I. It is conceded that no right to a bounty from the town of Burlington had accrued to the intestate till the passage of the resolution, January 18, 1865. He had re-enlisted into the service of the United States as a veteran soldier, to the credit of the town, and thus relieved the town from furnishing one of the quota which had been assigned to it. This service, voluntarily rendered, was a good consideration for a subsequent promise by the town to pay him a bounty, but, of itself, imposed no legal obligation upon the town to pay him such a bounty. The obligation of the town to pay the bounty arises, entirely, from the promise in the resolution. .In assuming the obligation, the town had the right to attach to it such conditions as it saw fit. The intestate and his representatives, if they would avail themselves of the bounty granted by the resolution, must take it cumbered with the conditions therein imposed. One of the conditions imposed was, that in the case of deceased soldiers the selectmen should have the right to direct to whom of the intestate’s representatives, or, to what other person, the bounty should be paid. No one of.such *20representatives could legally claim the bounty until the selectmen of the town, in their discretion, in accordance with the resolution, determined that the bounty should be paid to that particular individual. The selectmen have, to the present time, never exercised the discretion thus reposed in them, nor determined that the bounty thus voted belonged to, or should be paid to, the administrator of the intestate, for any purpose whatever. Hence no right of action has accrued to the plaintiff, as such administrator. We have no occasion to inquire whether the condition, reposing in the selectmen the power to decide to whom the bounty should be paid, in case the soldier had deceased without a family, was wise or foolish, reasonable or unreasonable. The town, in voting the bounty, had the right to vest the power of deciding to whom it should be paid, in case of the soldier’s decease, in its selectmen ; and having done so, in order to recover, the plaintiff must show that the selectmen have, in their discretion, decided that he, as administrator, is entitled to the money. This he has failed to do, and hence failed to show a state of facts which would entitle him to recover against the town of Burlington even.

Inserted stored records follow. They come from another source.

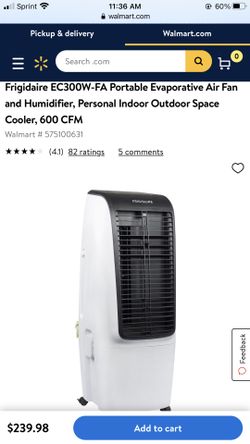 Air Cooler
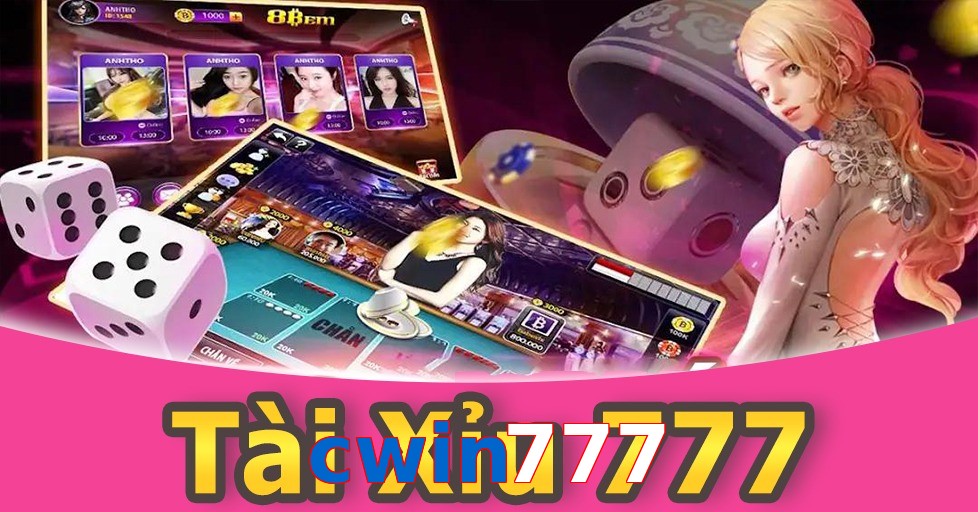 cwin777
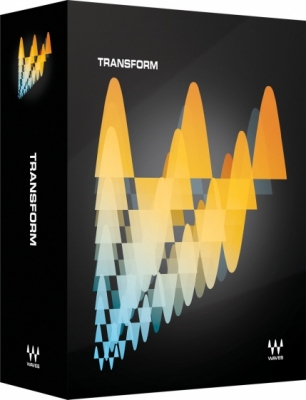 Waves Transform Bundle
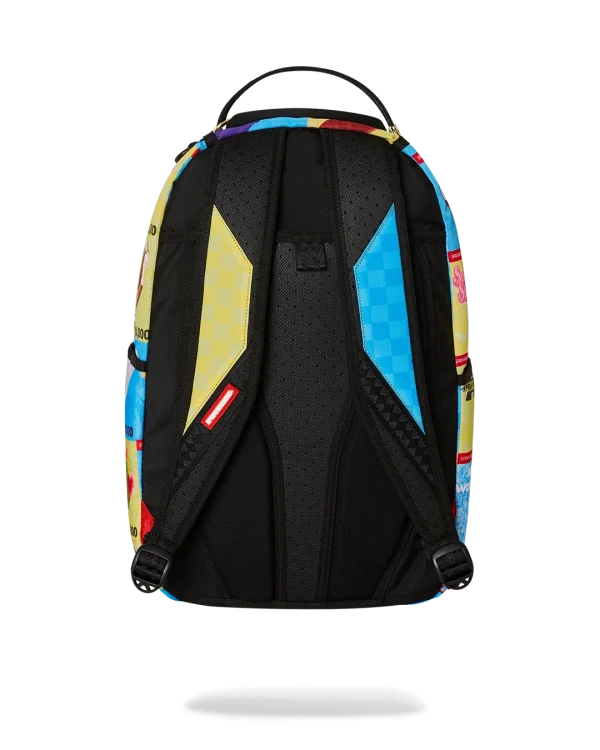 ICE CREAM TRUCKIN BACKPACK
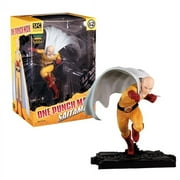 ABYstyle Studio One Punch Man Saitama 6.3" Tall SFC Collectible PVC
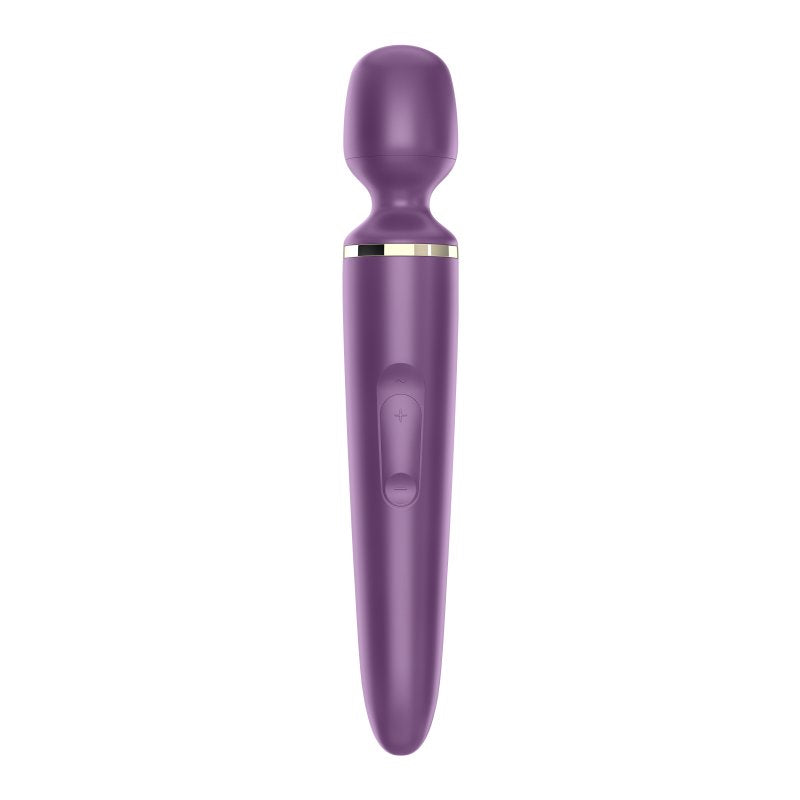 SATISFYER WAND-ER WOMEN BATTERY SERIES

II. The plaintiff claims that, inasmuch as the town placed $2100 in the hands of Mr. Noyes to pay the bounties voted, and he has paid the residue of that sum, after having paid six of the soldiers included in the resolution, partly to the city of Burlington, and partly to the town of South Burlington, that he can maintain this action against’the city and town for that money. But, as we have said, by the terms of the resolution and the failure of the selectmen to take action under it in favor of the plaintiff, the right has never accrued to this plaintiff to recover any part of that sum from the town of Burlington, much less from Mr. Noyes, or from those to whom Mr. Noyes has paid it. If. we concede the plaintiff’s right to the money in the hands of these defendants, he could not maintain an action therefor against them jointly. Whatever part of that sum each defendant may have received, it received for itself, and not for itself and the other defendant. If the town of South Burlington received a ninth of the sum, it did not thereby render itself liable to pay the whole sum, but only that part of the sum which it received- The same is true in re*21gard to the sum received by the city of Burlington. The city would be liable, if liable at all, for so much as it received, and no more. The plaintiff would not have the right to have judgment against either or both defendants for the whole sum. On looking into the act by which the town of Burlington was divided into the town of South Burlington and the city of Burlington, we find nothing which renders the defendants, jointly or otherwise, liable for the contracts and promises of the town of Burlington. Each has á separate corporate existence, and is liable for its separate contracts only. In no view of the case is the plaintiff entitled to a judgment against these defendants.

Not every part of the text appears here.